Meltzer’s introduction to Sondheim came when he was on a kibbutz in Israel while on sabbatical from college.
“I made friends with another gal who was finding herself and had just left Harvard. I was really young and knew of Sondheim, but she really introduced me to his work, and we sat there eating sunflower seeds listening to Merrily We Roll Along and Sweeney Todd and Into the Woods. … We spent an entire year listening to his music and being affected by this music.
“Sondheim is able to identify a feeling and put that into a sound and the intellect into it. His canon of work, in varying degrees, I can identify with.”
Arisco says the quality that makes Sondheim great can make for a harder sell when trying to fill theater seats — the endless balance of art versus commerce that Sondheim wrote about so convincingly in his lyric for Putting It Together: “Advancing art is easy/Financing it is not.”
Actors’ Playhouse staged a production of West Side Story in 1997, but to Arisco’s knowledge the property, featuring the lyrics of a young Sondheim paired with Leonard Bernstein’s majestic score and familiar to many from its 1961 Robert Wise film production, has been largely absent from Miami stages.

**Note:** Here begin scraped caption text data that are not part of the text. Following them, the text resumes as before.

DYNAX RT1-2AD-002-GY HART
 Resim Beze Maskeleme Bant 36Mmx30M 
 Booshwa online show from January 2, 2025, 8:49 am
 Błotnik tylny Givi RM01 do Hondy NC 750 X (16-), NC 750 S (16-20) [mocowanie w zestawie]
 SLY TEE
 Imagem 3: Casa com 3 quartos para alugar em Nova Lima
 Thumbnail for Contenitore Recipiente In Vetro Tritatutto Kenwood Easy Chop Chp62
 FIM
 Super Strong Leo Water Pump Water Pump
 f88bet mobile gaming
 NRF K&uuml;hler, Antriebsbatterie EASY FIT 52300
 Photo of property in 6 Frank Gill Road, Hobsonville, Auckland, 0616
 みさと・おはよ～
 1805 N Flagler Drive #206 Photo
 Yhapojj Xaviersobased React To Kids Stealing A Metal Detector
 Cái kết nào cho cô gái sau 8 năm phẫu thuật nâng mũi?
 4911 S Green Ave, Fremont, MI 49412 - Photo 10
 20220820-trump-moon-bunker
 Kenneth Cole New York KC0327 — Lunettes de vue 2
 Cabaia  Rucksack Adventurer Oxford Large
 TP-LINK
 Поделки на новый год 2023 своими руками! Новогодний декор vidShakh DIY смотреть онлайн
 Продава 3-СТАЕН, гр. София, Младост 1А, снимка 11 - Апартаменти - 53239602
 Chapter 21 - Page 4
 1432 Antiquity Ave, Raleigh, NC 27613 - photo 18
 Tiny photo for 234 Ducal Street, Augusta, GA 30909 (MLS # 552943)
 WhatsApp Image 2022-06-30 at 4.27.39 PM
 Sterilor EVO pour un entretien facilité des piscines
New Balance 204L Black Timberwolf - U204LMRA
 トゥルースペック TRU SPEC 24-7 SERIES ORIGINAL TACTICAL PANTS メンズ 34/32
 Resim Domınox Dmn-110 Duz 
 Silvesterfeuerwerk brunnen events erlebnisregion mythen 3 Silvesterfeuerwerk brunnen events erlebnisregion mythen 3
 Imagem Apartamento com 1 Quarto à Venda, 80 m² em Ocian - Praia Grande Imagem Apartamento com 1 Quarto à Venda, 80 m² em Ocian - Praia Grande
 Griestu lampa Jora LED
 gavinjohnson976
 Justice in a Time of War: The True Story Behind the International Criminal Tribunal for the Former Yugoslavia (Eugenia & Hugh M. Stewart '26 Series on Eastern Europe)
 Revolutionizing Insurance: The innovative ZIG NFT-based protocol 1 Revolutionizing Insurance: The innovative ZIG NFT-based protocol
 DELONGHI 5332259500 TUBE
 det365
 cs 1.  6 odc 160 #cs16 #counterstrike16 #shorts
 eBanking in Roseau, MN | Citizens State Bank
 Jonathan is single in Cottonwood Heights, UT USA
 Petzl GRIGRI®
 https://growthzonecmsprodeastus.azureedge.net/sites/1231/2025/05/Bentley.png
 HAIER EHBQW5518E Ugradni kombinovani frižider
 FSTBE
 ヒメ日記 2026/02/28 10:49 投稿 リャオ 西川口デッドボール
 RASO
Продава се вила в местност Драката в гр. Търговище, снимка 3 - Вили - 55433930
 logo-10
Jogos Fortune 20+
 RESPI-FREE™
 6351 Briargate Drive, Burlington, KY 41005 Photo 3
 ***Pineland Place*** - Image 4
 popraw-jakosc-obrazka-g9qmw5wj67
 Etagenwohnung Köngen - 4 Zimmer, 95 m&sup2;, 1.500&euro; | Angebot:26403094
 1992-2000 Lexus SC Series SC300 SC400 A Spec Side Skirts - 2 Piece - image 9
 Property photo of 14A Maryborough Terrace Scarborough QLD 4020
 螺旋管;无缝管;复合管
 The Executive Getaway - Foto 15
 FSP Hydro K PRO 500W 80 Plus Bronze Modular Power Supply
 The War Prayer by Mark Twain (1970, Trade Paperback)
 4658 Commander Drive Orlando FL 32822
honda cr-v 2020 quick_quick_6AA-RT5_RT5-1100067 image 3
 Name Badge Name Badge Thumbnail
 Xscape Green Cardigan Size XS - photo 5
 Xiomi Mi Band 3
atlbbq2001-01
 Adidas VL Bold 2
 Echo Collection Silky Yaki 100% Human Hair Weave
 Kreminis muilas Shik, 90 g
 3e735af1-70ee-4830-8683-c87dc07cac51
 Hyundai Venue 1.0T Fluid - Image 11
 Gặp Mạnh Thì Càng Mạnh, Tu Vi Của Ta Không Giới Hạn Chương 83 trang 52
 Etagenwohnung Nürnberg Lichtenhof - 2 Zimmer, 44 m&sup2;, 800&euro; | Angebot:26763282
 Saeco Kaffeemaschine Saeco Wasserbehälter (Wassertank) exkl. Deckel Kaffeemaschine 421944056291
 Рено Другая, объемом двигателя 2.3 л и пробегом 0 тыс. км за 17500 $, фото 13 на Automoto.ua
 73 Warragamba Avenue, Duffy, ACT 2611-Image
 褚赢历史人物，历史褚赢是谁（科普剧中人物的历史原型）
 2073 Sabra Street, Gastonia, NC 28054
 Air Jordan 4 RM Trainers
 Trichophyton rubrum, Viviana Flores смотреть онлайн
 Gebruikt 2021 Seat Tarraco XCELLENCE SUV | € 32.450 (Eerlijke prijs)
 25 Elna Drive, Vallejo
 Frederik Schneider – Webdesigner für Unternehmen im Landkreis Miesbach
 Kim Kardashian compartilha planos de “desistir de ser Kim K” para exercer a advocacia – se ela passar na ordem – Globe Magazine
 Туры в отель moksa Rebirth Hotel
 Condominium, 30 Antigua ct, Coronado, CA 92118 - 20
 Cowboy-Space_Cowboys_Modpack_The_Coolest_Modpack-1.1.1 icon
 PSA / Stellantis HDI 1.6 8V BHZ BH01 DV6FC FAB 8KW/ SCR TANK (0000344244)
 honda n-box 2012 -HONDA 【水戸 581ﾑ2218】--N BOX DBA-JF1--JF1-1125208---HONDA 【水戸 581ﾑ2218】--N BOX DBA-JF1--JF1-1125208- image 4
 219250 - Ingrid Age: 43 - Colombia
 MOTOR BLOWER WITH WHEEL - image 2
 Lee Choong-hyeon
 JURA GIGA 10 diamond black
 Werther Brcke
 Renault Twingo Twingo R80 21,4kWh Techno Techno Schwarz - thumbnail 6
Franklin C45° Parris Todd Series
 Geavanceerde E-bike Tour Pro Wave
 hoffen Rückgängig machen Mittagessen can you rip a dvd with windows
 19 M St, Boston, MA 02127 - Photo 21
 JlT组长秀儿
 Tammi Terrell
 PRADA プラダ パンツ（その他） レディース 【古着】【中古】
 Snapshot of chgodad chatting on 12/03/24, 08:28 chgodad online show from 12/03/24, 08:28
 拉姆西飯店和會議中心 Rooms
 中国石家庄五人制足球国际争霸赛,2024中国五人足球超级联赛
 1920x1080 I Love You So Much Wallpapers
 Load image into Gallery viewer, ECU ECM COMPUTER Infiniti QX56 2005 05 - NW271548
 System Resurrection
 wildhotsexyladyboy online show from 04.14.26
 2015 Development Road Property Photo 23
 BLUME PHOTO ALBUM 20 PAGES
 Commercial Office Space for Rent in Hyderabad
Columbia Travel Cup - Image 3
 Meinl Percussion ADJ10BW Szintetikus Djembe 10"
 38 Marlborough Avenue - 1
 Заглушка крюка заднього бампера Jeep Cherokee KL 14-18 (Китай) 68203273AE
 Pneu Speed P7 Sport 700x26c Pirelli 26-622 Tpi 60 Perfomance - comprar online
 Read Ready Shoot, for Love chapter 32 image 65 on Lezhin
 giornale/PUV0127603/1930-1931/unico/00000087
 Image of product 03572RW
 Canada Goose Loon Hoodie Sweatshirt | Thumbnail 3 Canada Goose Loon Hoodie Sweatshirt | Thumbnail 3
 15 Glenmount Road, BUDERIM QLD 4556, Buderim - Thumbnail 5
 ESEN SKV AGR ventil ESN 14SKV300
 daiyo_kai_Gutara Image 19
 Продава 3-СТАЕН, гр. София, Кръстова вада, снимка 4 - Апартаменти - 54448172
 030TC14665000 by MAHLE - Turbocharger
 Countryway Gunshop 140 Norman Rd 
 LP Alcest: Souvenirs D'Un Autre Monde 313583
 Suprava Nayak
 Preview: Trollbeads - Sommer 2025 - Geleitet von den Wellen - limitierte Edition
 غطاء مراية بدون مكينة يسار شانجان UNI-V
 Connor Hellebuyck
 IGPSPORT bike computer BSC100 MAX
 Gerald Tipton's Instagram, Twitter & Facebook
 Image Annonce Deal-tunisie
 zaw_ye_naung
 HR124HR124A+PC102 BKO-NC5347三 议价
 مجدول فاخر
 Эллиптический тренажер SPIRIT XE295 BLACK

“For me, Sondheim has always been there but not always in my theatrical repertoire. His works are thinking man’s theater, and when you are performing in a 600-seat house you also have to be looking out for the everyman.”
Sondheim, born in 1930 in New York City to a father who manufactured dresses designed by his mother, is like no one else — and that’s the challenge for actor and viewer.
“I was a high school teacher in 1978, ’79, and used to take the kids to New York City to see a Broadway show,” Arisco says. “They’d have seen Gypsy [for which Sondheim wrote the lyrics in 1959] or Fiddler on the Roof. What did I take them to? Sweeney Todd. And let me tell you, the chaperones around me would say, ‘Who is this cat? What is he taking me to?’ But by the end, they had to admit they’d seen something incredible.”
Miami, too, is ready for its three dates with Sondheim, says Meltzer, who staged Sondheim’s Assassins as Zoetic’s first musical production in 2014.
“People seem to pigeonhole Miami audiences, and I’ve learned from my theater they are very hungry for good material and thought-provoking work and things that speak volumes about life and reflections of life. That is why I’m doing Passion.”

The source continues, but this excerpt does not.